Anasayfa  /  Diş Tedavisi (SSS)

Diş tedavileri hakkında sıkça sorulan soruları sizin için aşağıda yanıtladık.

Daha fazlası için iletişim formumuzdan bize ulaşabilirsiniz.

 

Eğlenceli hale getirin! Dişlerinizi fırçalama konusunda hevesliyseniz, çocuklarınız da coşkulu olacaktır. Çocuklar ebeveynlerinin yaptığı şeyleri yapmak isterler. Çocuklarınız dişlerinizi fırçalarken  iyi diş alışkanlıkları sergilediğinizi görürse, size taklit edeceklerdir. Diş hekiminden çocukların dişlerini fırçalamalarını sağlamak için başka yaratıcı yollar isteyin.

Çocuğunuza diş fırçalatmak, onları erken yaşta diş hekimine götürmekle başlar. Tüm çocuklar ilk doğum günlerinde veya ilk dişin çıkmasından 6 ay sonra bir diş hekimine görünmelidir.

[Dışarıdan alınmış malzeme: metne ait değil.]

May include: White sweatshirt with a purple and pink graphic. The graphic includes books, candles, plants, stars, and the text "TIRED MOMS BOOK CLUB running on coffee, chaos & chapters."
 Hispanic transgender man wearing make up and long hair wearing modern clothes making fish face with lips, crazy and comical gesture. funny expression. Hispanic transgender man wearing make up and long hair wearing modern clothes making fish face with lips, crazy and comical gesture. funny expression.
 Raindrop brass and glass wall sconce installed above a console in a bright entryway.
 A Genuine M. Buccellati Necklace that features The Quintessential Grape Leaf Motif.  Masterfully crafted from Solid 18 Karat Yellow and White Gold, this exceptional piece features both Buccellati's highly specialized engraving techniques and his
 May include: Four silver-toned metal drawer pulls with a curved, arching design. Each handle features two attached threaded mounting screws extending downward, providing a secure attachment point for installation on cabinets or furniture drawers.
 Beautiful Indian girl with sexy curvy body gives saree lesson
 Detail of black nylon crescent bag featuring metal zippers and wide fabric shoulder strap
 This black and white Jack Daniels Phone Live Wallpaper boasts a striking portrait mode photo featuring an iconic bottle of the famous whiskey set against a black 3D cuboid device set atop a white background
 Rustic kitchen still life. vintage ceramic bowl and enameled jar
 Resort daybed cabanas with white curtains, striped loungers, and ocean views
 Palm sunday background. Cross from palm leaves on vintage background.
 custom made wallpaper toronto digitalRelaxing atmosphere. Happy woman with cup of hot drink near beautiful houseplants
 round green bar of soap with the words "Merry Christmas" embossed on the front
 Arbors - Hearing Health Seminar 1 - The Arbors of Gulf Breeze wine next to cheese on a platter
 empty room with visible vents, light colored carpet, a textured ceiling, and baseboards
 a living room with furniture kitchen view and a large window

Her zaman iki ila üç dakika dişlerinizi fırçalayın.  Diş minesini yok eden bakteriler bu sürede yok oluyor. Dişlerinizi çok sert fırçalamayın. Bakteri ve plağı çıkarmak için çok az baskı gerekir. Günde en az bir kez diş ipi kullanın. Diş ipi kullanmak, dişlerinizin arasından bakteri almanın tek yoludur.

Yediğiniz şekere dikkat edin. Şekerde, meyvelerde, krakerlerde ve cipslerde şeker bulunur. Bunlar, ağzınızdaki bakterilerin en sevdiği yiyeceklerdir. Kuru üzüm ve fıstık ezmesi gibi dişlerinize yapışan yiyeceklere dikkat edin. Dişlerinize giren bakteriler için sürekli bir tedarik sağlayabilirler. Gün içinde tatlı yiyecekleri  en aza indirmeye çalışın. Daha sonra dişlerinizi fırçalayın.

Yemekten sonra fırçalayamıyorsanız, ağzınızı suyla çalkalayın.Bu, dişlerinizden yiyecek artıklarını çıkarmaya yardımcı olabilir. Yemekten sonra şekersiz sakız çiğnemek de işe yarayabilir. Çiğneme, doğal bir plakla mücadele  görevi görür. Düzenli diş ziyaretlerinizi unutmayın.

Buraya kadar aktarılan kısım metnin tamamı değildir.